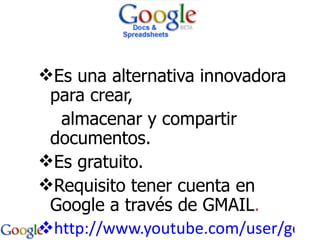 Es una alternativa innovadora para crear,    almacenar y compartir documentos. Es gratuito. Requisito tener cuenta en Google a través de GMAIL . http://www.youtube.com/user/google?blend=1&ob=4 
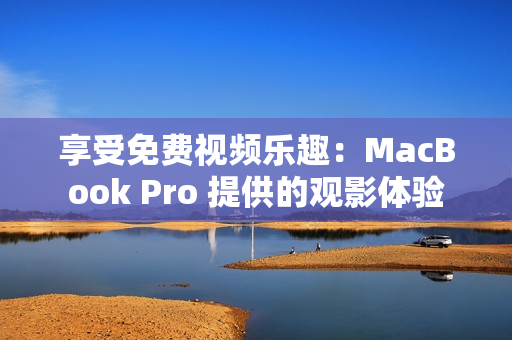 享受免费视频乐趣：MacBook Pro 提供的观影体验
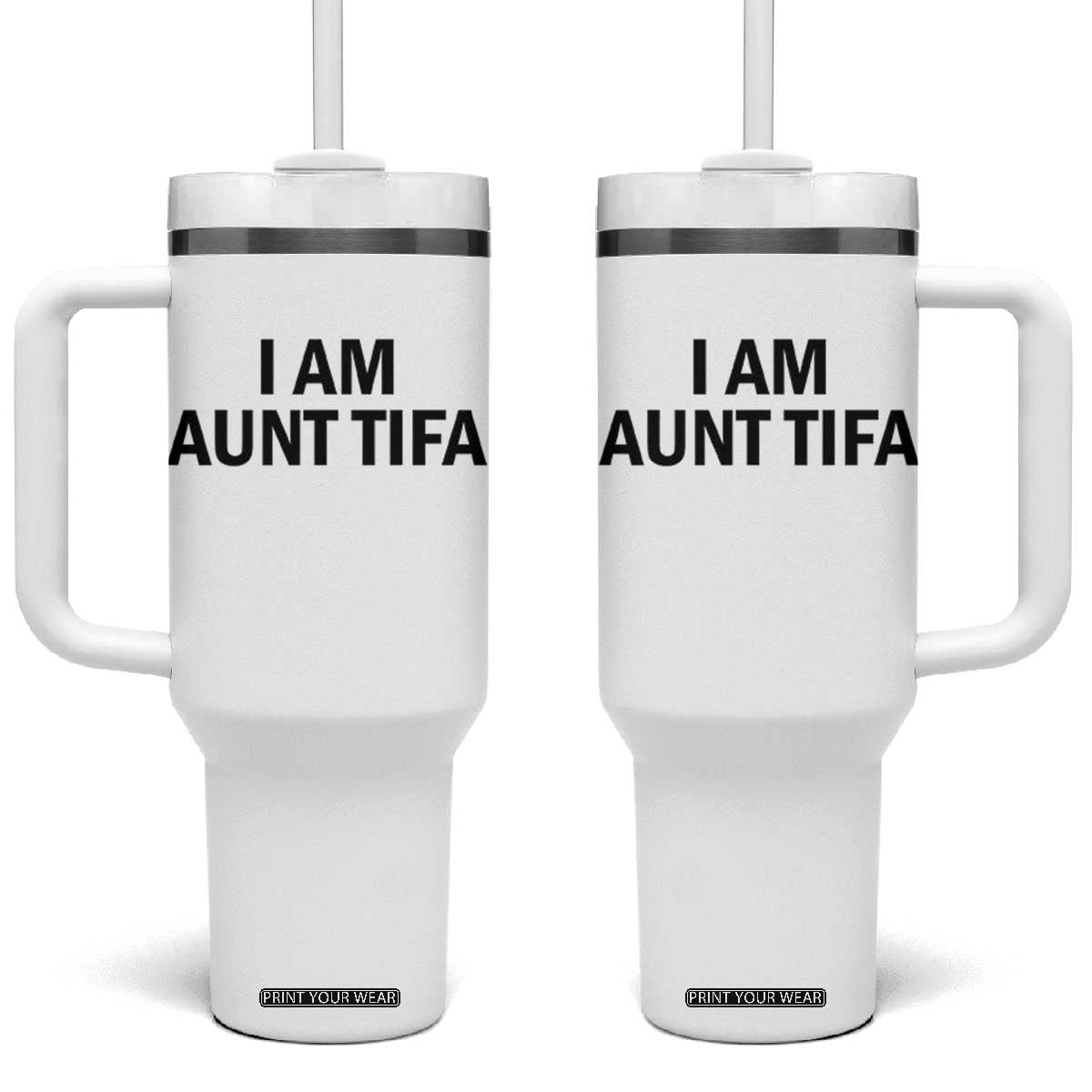 Funny I Am Aunt Tifa Tumbler With Handle Sarcastic Political Satire Minimalist TS02 One Size: 40 oz White Print Your Wear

--- TASK DETAILS ---
Leave the pictures out and print the whole listing precisely.

--- ANSWER TO THE PROBLEM ---
 Es una alternativa innovadora para crear,    almacenar y compartir documentos. Es gratuito. Requisito tener cuenta en Google a través de GMAIL . http://www.youtube.com/user/google?blend=1&ob=4 
 享受免费视频乐趣：MacBook Pro 提供的观影体验
 Funny I Am Aunt Tifa Tumbler With Handle Sarcastic Political Satire Minimalist TS02 One Size: 40 oz White Print Your Wear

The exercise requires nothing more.